There is growing literary landscape of Pakistani Writing in English (PWE) that has found its way into the reader’s hearts. It is the whole idea of literature opening gateways to out-of-reach destinations. Jai Arjun Singh of Business Standard explores the new interest. See below:
Pakistani writing in English is finding new and dynamic ways to chronicle the many different realities of the country.
“Good literature tells you so many things about other lives,” says Nadeem Aslam in his characteristic soft tone. We’re sitting on the lawns of Jaipur’s Diggi Palace, where the annual literature festival is being held, and the eloquent Pakistani author is talking about how his relationship with Latin America began when he read Marquez for the first time — and how “the 400 pages of One Hundred Years of Solitude made me deeply interested in the lives of millions of people in countries I had never visited”

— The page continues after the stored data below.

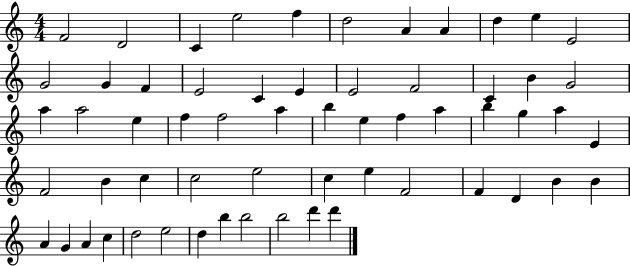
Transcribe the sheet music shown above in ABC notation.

X:1
T:Untitled
M:4/4
L:1/4
K:C
F2 D2 C e2 f d2 A A d e E2 G2 G F E2 C E E2 F2 C B G2 a a2 e f f2 a b e f a b g a E F2 B c c2 e2 c e F2 F D B B A G A c d2 e2 d b b2 b2 d' d'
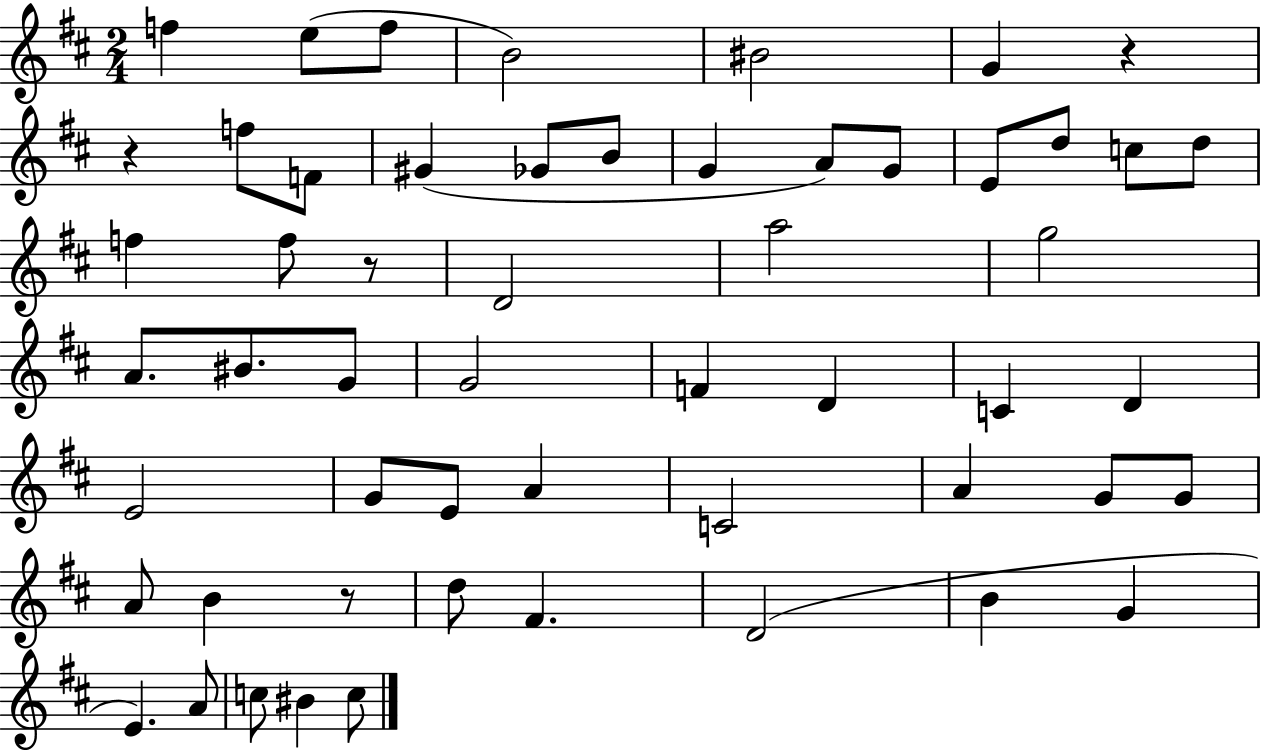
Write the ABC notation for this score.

X:1
T:Untitled
M:2/4
L:1/4
K:D
f e/2 f/2 B2 ^B2 G z z f/2 F/2 ^G _G/2 B/2 G A/2 G/2 E/2 d/2 c/2 d/2 f f/2 z/2 D2 a2 g2 A/2 ^B/2 G/2 G2 F D C D E2 G/2 E/2 A C2 A G/2 G/2 A/2 B z/2 d/2 ^F D2 B G E A/2 c/2 ^B c/2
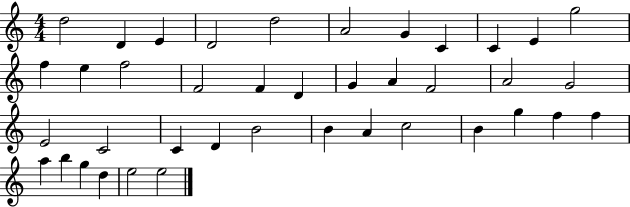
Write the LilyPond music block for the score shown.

{
  \clef treble
  \numericTimeSignature
  \time 4/4
  \key c \major
  d''2 d'4 e'4 | d'2 d''2 | a'2 g'4 c'4 | c'4 e'4 g''2 | \break f''4 e''4 f''2 | f'2 f'4 d'4 | g'4 a'4 f'2 | a'2 g'2 | \break e'2 c'2 | c'4 d'4 b'2 | b'4 a'4 c''2 | b'4 g''4 f''4 f''4 | \break a''4 b''4 g''4 d''4 | e''2 e''2 | \bar "|."
}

Aslam himself is part of a growing literary landscape —that of Pakistani Writing in English (PWE) — and the idea of literature opening gateways to other worlds and other people (or, equally importantly, showing that the “other” isn’t so unlike us) has become increasingly relevant here. While Pakistani Anglophone writers like Aamer Hussain, Kamila Shamsie, Uzma Aslam Khan and Mohsin Hamid have been around for a while, the publishing world is seeing the advent of exciting new names such as Daniyal Mueenuddin, Mohammed Hanif and Ali Sethi. In different ways, the work of all these writers reveals the heterogeneity of Pakistan, a country that is frequently stereotyped and tarred with a single brush by the international community. It also suggests that literature’s ability to help us understand and empathise is of vital importance at the present moment.